German Naval Radar

Updated 17 October 1999

    4. Armored Ships

Deutschland/Luetzow Class BB/CA

Both Admiral Graf Spee and Deutschland have been claimed to be the first German naval vessels to be fitted with radar. Trenckle says that Admiral Graf Spee had an experimental FuMO 22, and Prager that Deutschland had a Seetakt set in the autumn 1937 (which proved very useful for night navigation in Spanish waters). Photographic analysis shows that the frame of this first experimental set was slightly smaller (0.8m x 1.8m) than the final FuMO 22 frame, but it is not known if there were fewer dipoles or alternatively if the dipoles were placed closer together.

R V Jones, in his memories (Most Secret War, Hamish Hamilton, 1978) describes how the British Admirality sent L H Bainbridge-Bell to the River Plate to examine the radar installation aboard the wreck of the Graf Spee. According to Price (Instruments of Darkness, Kimber, 1967) the resultant report took one and a half years to pass through the official channels, a statement I find hard to believe considering that Bainbridge-Bell had been sent half around the world to abtain the information. It adds yet another intriguing possibility of further information, as this report, possibly including photos of Graf Spee's installation, may yet come to light.

The Deutschland (renamed Lützow in 1940) had a 2m x 6m mattress antenna for a FuMO 22 throughout her wartime career. From January 1942 until March 1944 she also had a Timor frame at the rear of her radar tower, as in the Scharnhorst. To follow German practice there should also have been fixed Sumatra antennas but they cannot be traced in photographs. 

It is noteworthy that the foretop radar of the armoured ships (later reclassified as heavy cruisers) were provided with the best positioning of any German heavy units. It was situated at the highest point in the ship, and the foremast was removed, and replaced by a short pole mast, to provide completely unobstructed all-around coverage. 

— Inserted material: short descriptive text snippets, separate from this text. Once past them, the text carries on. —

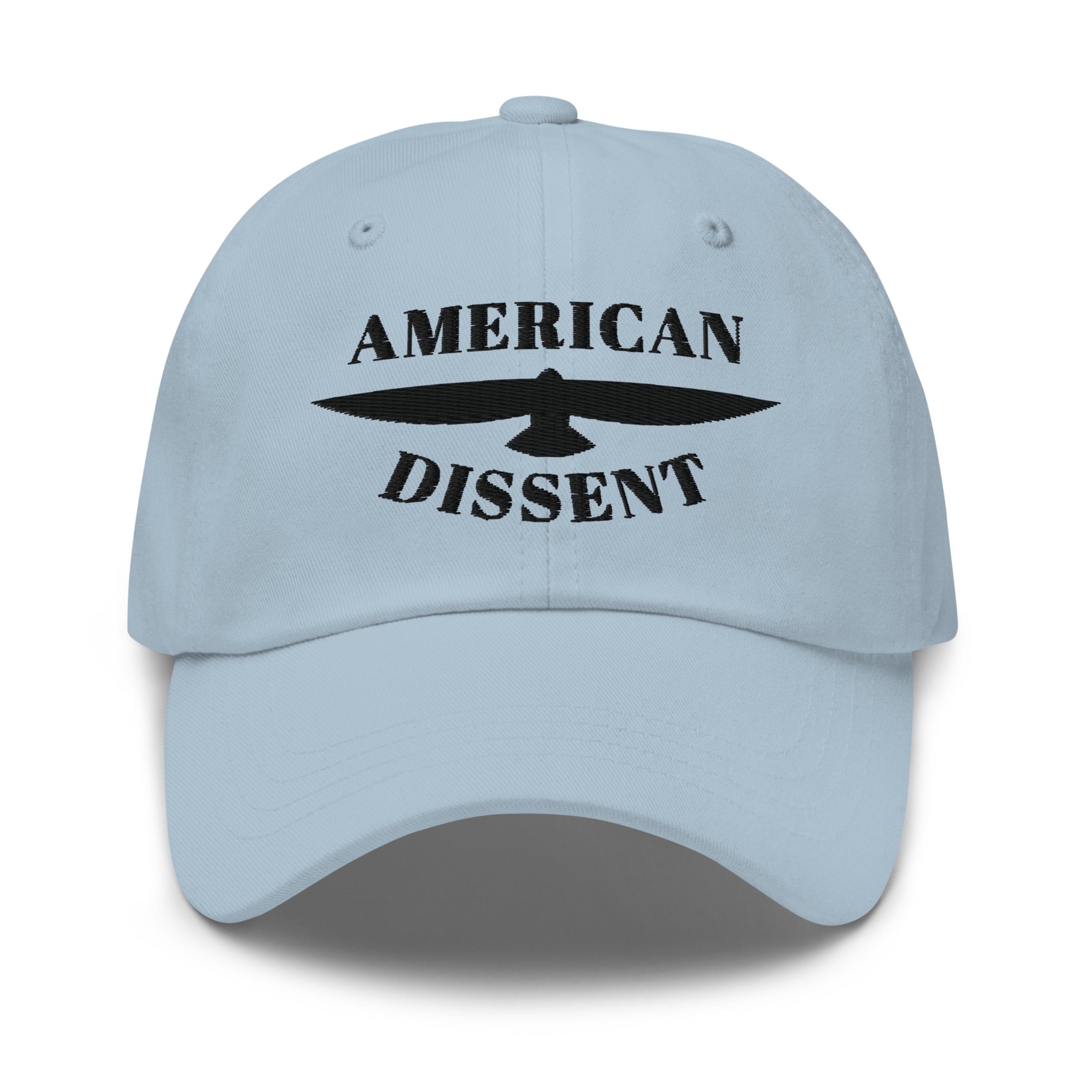 Classic Dad Hat – “American Dissent” Embroidered Front + AD Icon Back | Patriotic Statement Cap | Minimalist Activist Hat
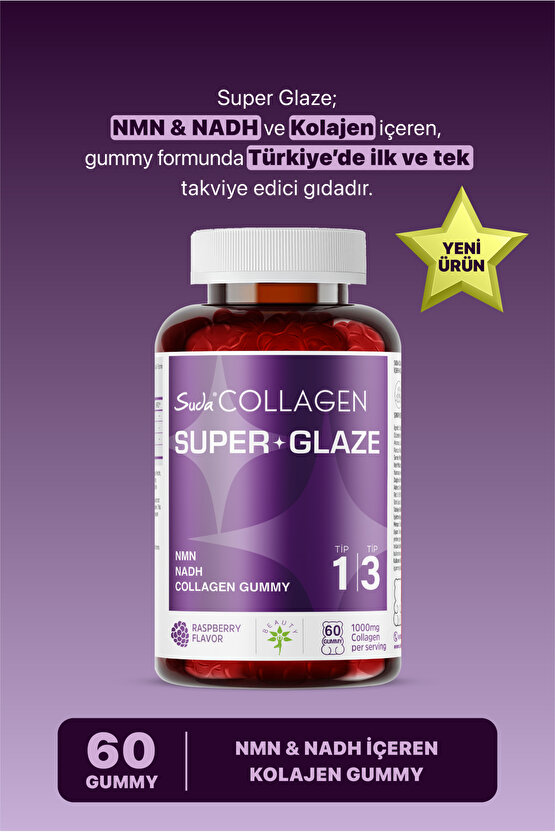 Super Glaze Tip I-III Kolajen + NMN + NADH  | 60 Adet Gummy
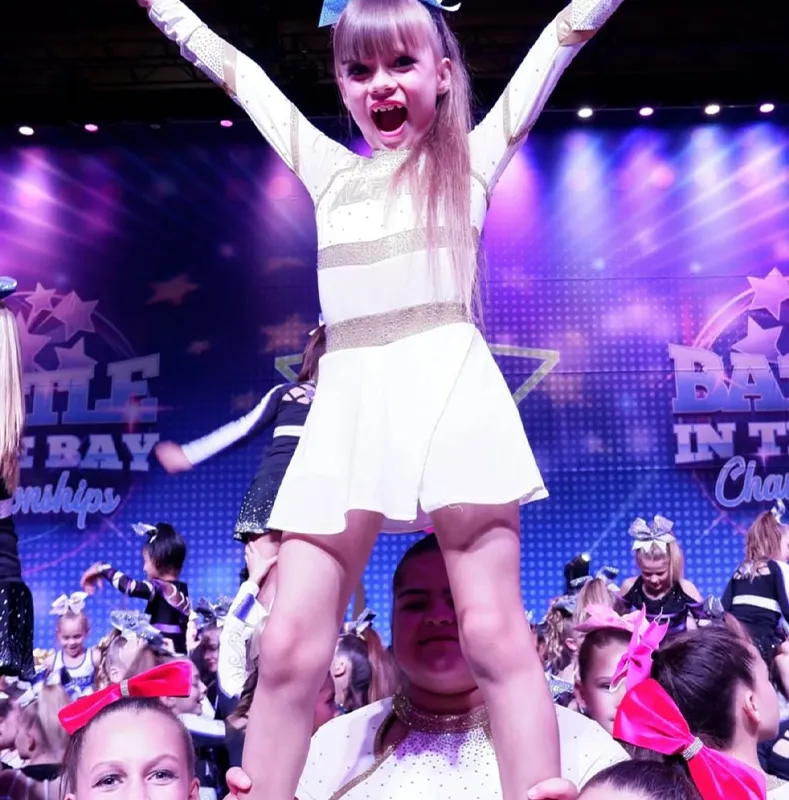 Cheerleading Uniform Spandex Acrylic Long Sleeve Elastic Waist Youthful Gold Cheer Outfit – photo 2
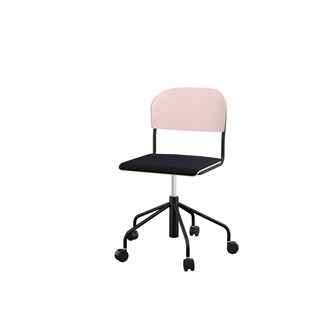 Stol Matte sh 45-56 cm høy 5-kryss hjul stort sete svart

Admiral Scheer was similarly equipped before the removal of the top-heavy pyramidal armoured mast. After that she had a 2m x 4m FuMO 27 mattress antenna and a Timor frame, bearing in opposite directions, on the forward rangefinder tower. Three of the four fixed Sumatra antennas, spaced 90° apart, were fitted on small horizontal lattice constructions. Scheer also had a FuMO 27 antenna on the aft rangefinder tower.


Picture 4.1

The foretop of Spee with the rangefinder tower topped by a radar hut for the prototype set FMG 39 (gO) - later designated FuMO 22 - and its 0.8m x 1.8m matress antenna; fitted in 1939.

Picture 4.3

The after rangefinder of Scheer with the 2m x 4m antenna of the FuMO 27 set added in 1941.


Picture 4.2

The foretop of Lützow with the radar hut and 2m x 6m antenna of FuMO 22 added above the rangefinder tower in 1939. 

The lower drawing shows the Samos antenna for FuMB 4, added to the back of the tower in January 1942, and carried until March 1944.  Note the battle-observers's post above the radar hut and that her foretop rangefinder is 2m higher above the waterline, than those of her sisters. Lützow was never fitted with radar on her after rangefinder tower.


Picture 4.4

The forward conning tower of Scheer as modified in the summer of 1940. The 10m-rangefinder tower carries the radar hut and the antenna for the FuMO 27 which replaced the FuMO 22 (as shown in B) fitted on the original, Spee-type, bridge. 

Note the absence of a battle-observer's post. She also carries four Sumatra antennas (foward aft and besides the tower), three being on lattice extensions. The passive Timor antenna was fitted on the back of the radar hut/rangefinder tower in 1942.